**SOURCE MATERIAL:**
· · ·

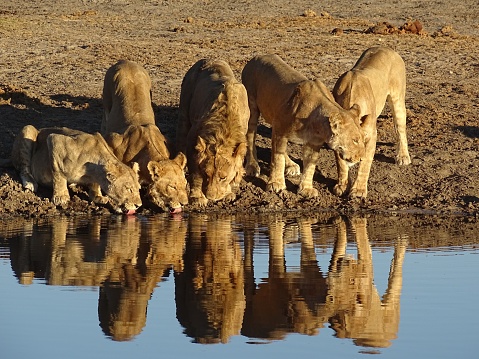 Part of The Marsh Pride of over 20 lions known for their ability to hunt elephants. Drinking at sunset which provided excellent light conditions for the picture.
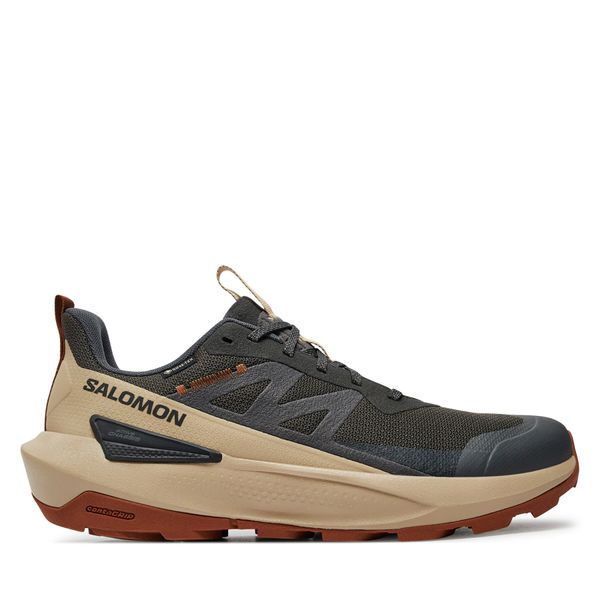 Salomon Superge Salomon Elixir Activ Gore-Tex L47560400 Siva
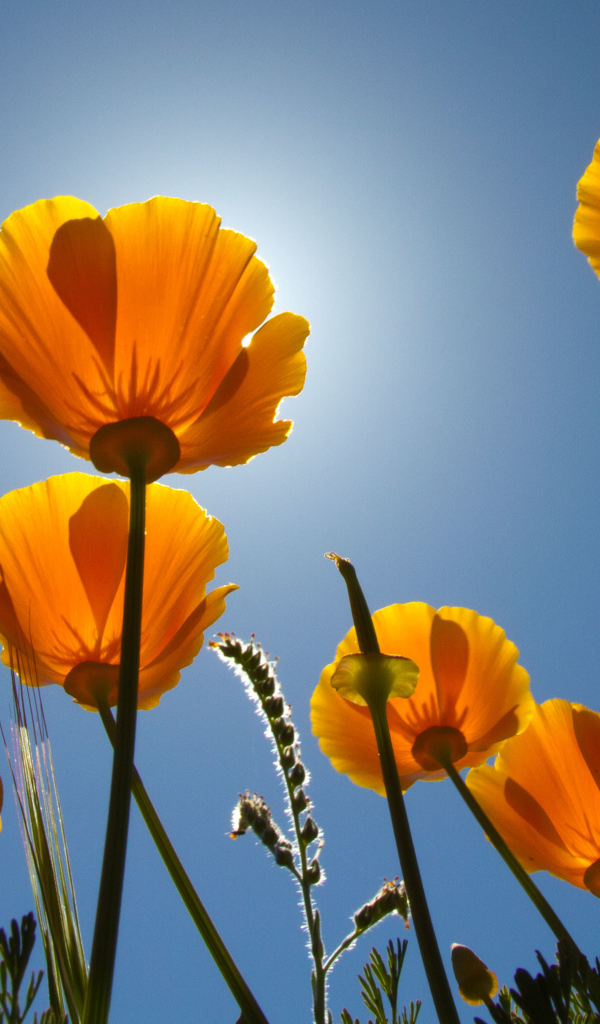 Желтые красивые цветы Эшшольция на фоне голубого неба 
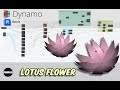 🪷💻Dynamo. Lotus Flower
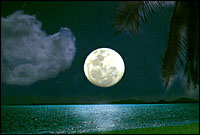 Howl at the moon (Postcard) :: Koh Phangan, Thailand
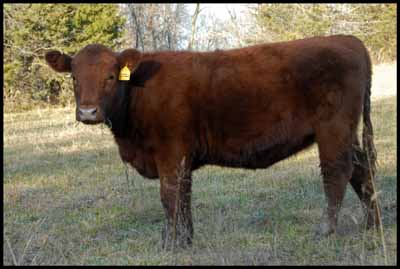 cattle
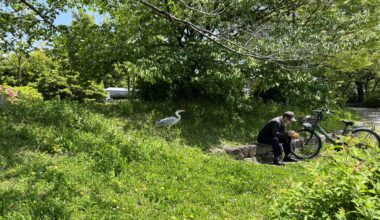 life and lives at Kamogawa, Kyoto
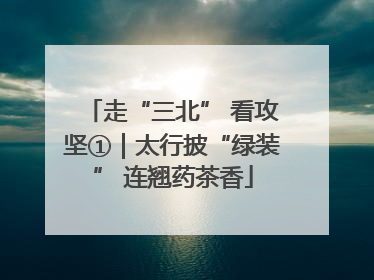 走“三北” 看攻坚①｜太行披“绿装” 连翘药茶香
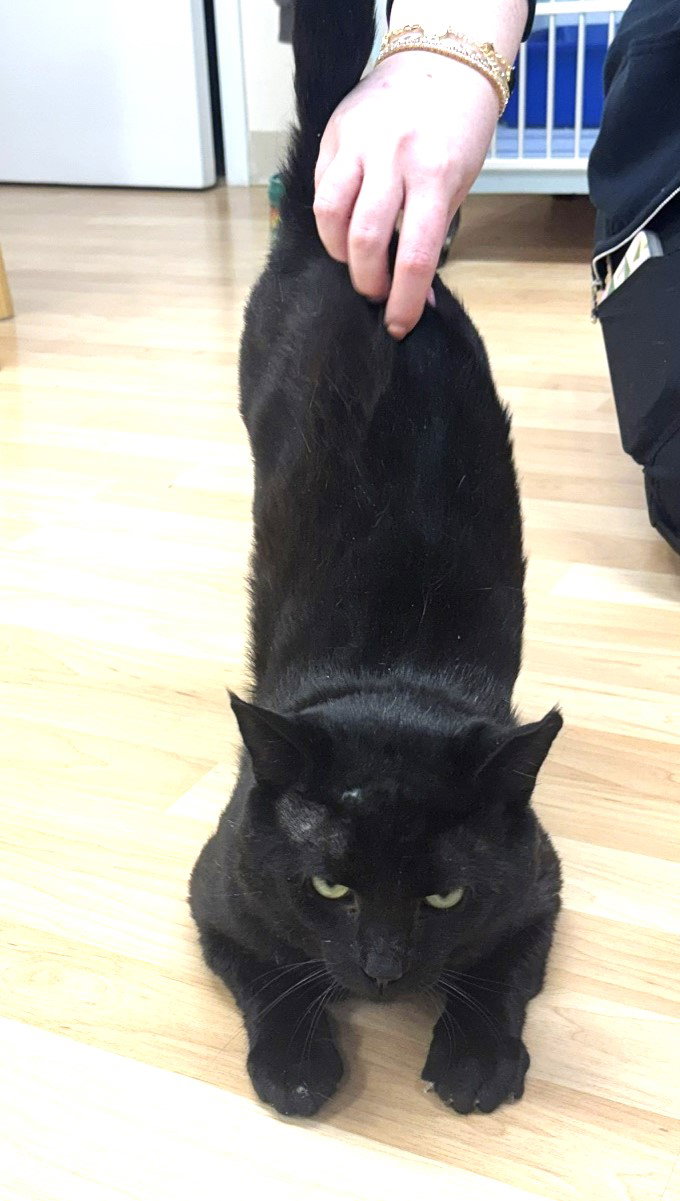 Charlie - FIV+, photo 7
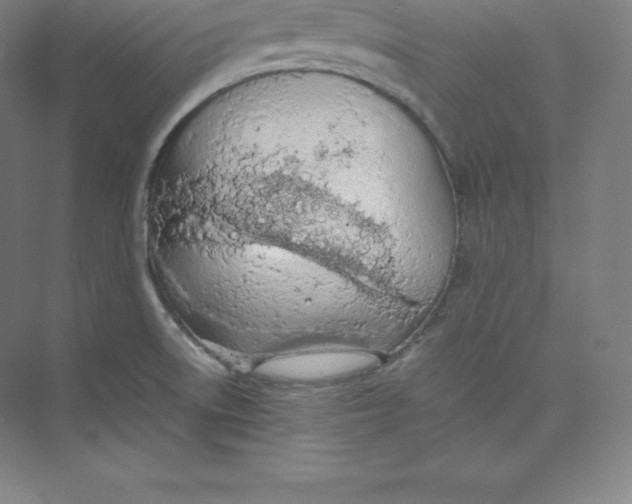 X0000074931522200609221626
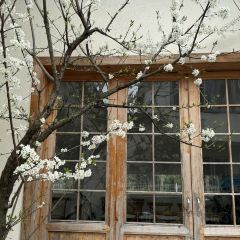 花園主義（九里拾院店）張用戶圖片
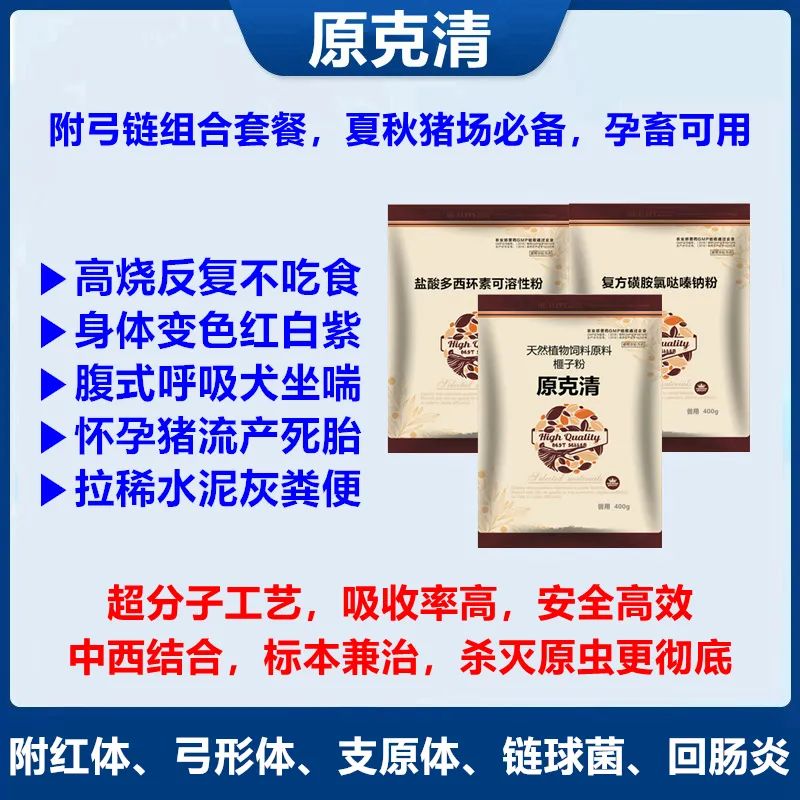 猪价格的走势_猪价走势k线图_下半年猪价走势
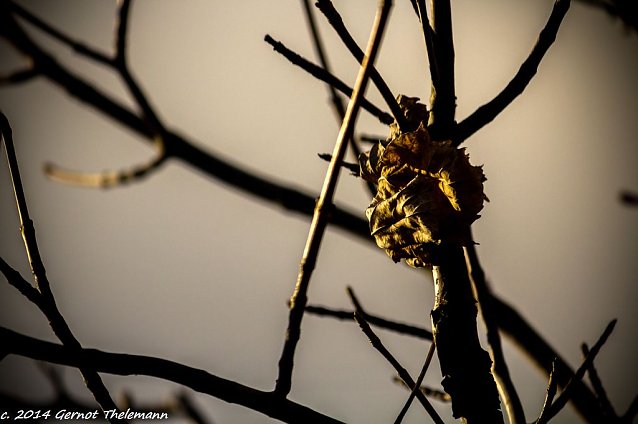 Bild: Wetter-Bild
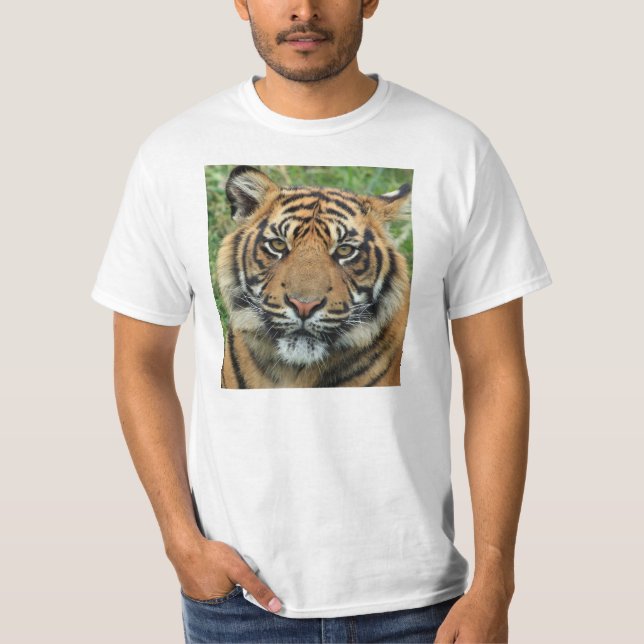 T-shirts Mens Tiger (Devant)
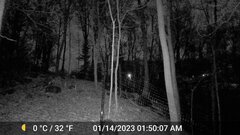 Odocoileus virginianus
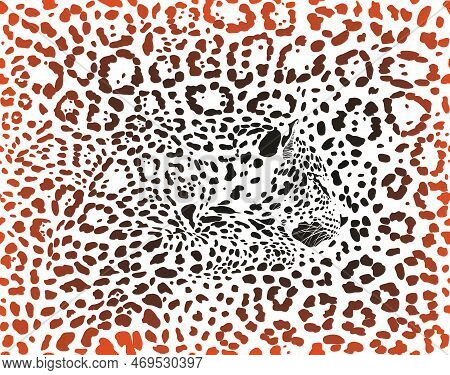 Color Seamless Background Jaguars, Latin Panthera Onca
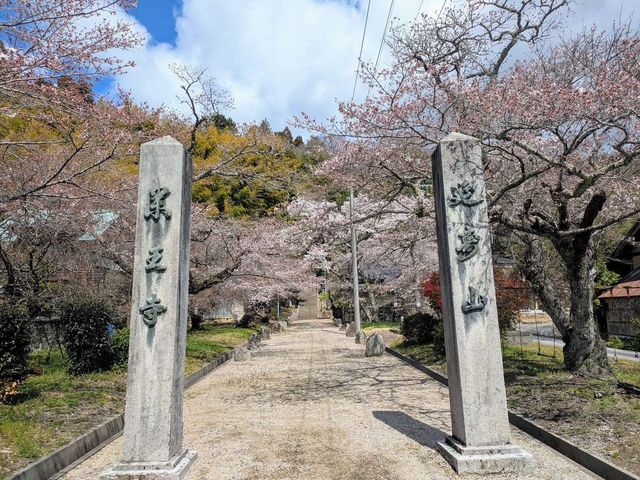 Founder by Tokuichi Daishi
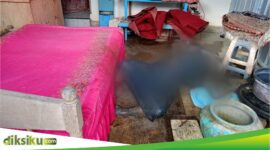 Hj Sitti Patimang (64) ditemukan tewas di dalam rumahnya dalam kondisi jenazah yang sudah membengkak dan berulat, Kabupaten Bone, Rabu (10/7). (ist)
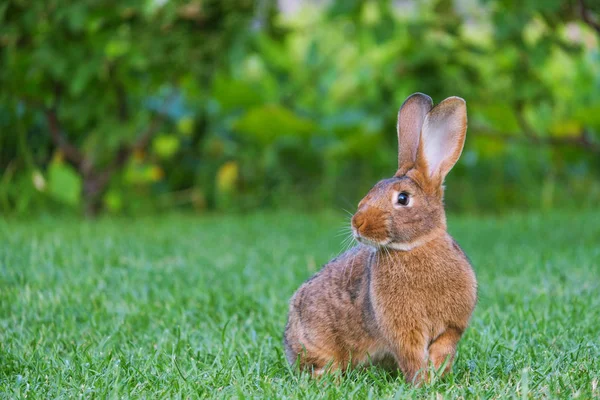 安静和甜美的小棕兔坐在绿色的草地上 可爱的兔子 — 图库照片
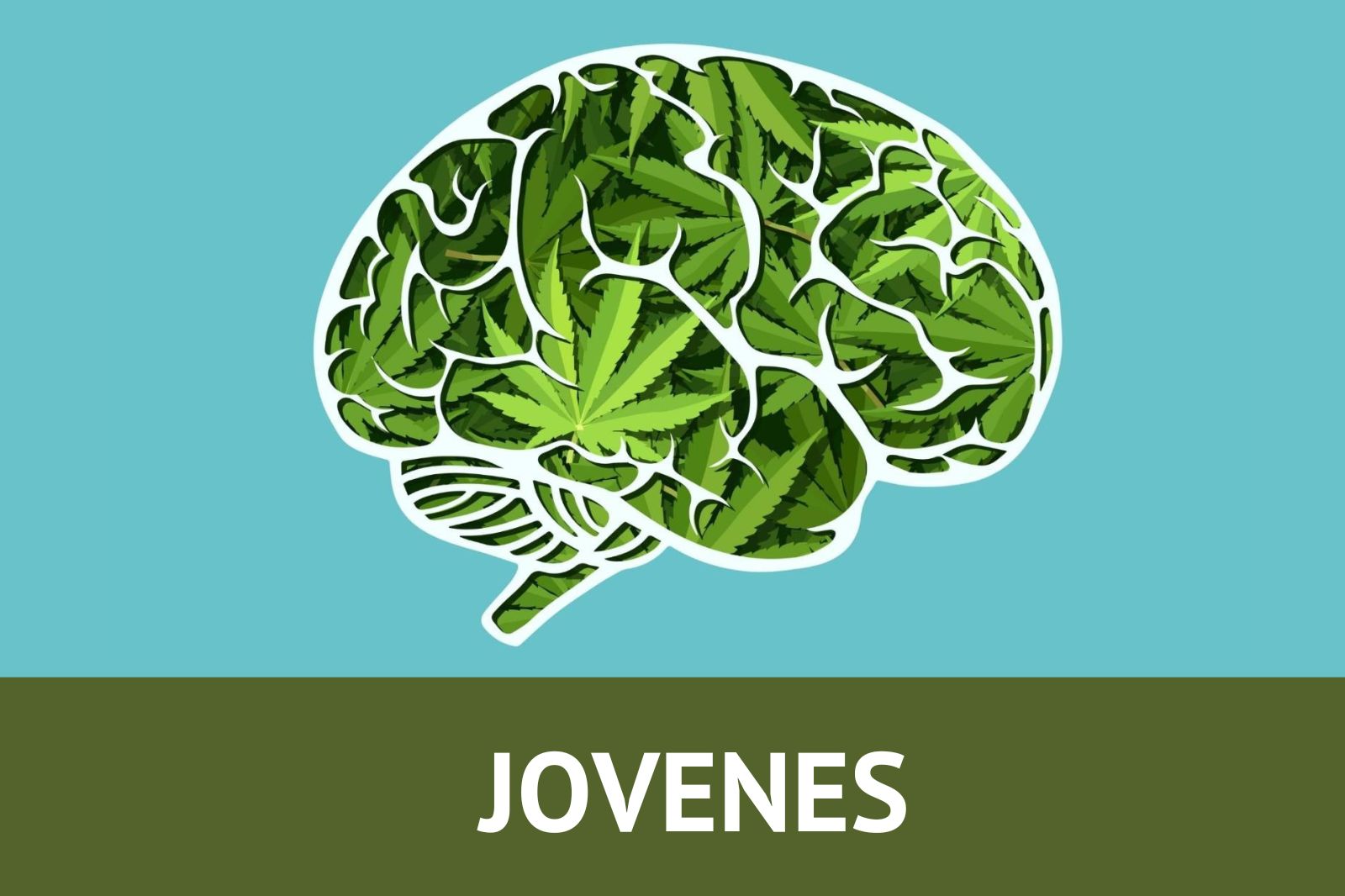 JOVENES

· · ·

**TASK STATEMENT:** Write out the lines of the material from the one containing "Hj Sitti Patimang" through the last, exactly and only those. Leave every picture out.

**SOLUTION:**
 Hj Sitti Patimang (64) ditemukan tewas di dalam rumahnya dalam kondisi jenazah yang sudah membengkak dan berulat, Kabupaten Bone, Rabu (10/7). (ist)
 安静和甜美的小棕兔坐在绿色的草地上 可爱的兔子 — 图库照片
 JOVENES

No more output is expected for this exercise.